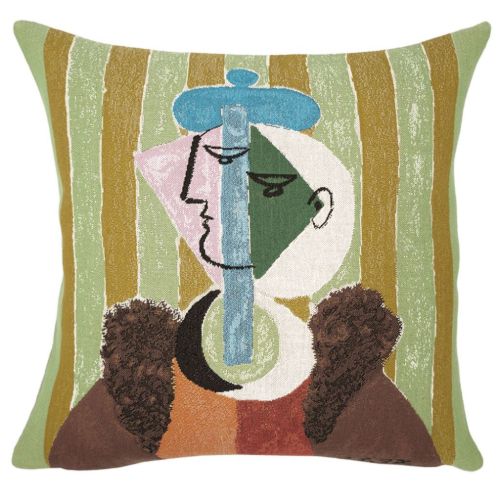 Poulin Design Picasso Pude 45x45 cm - Femme Au Béret Et Col En Fourrure (1937)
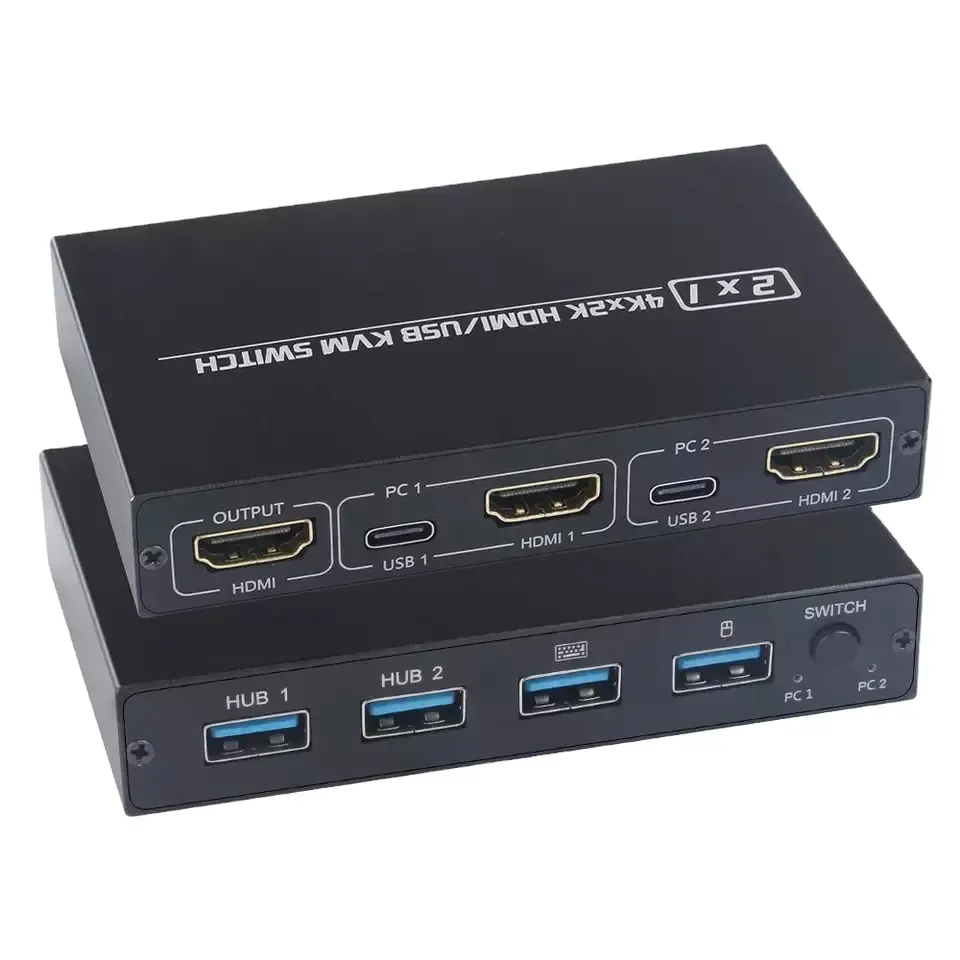 2 ב 1 החוצה 4K USB HDMI KVM תיבת מתג וידאו תצוגת USB מתג מפצל עבור 2 מחשב שיתוף צג מקלדת עכבר בקר שולחני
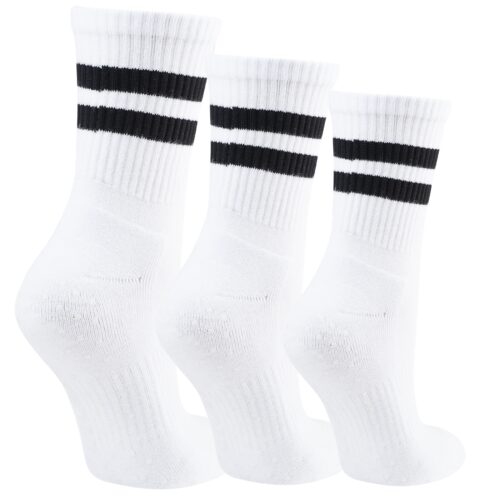 3x Skarpetki Antypoślizgowe Damskie Sportowe 1/2 Frotte 3-PAK BIAŁE - Pilates Fitness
# # # #
• Instructions to follow: Dropping every picture, restate the material word for word.

• Problem solution:
 Poulin Design Picasso Pude 45x45 cm - Femme Au Béret Et Col En Fourrure (1937)
 2 ב 1 החוצה 4K USB HDMI KVM תיבת מתג וידאו תצוגת USB מתג מפצל עבור 2 מחשב שיתוף צג מקלדת עכבר בקר שולחני
 3x Skarpetki Antypoślizgowe Damskie Sportowe 1/2 Frotte 3-PAK BIAŁE - Pilates Fitness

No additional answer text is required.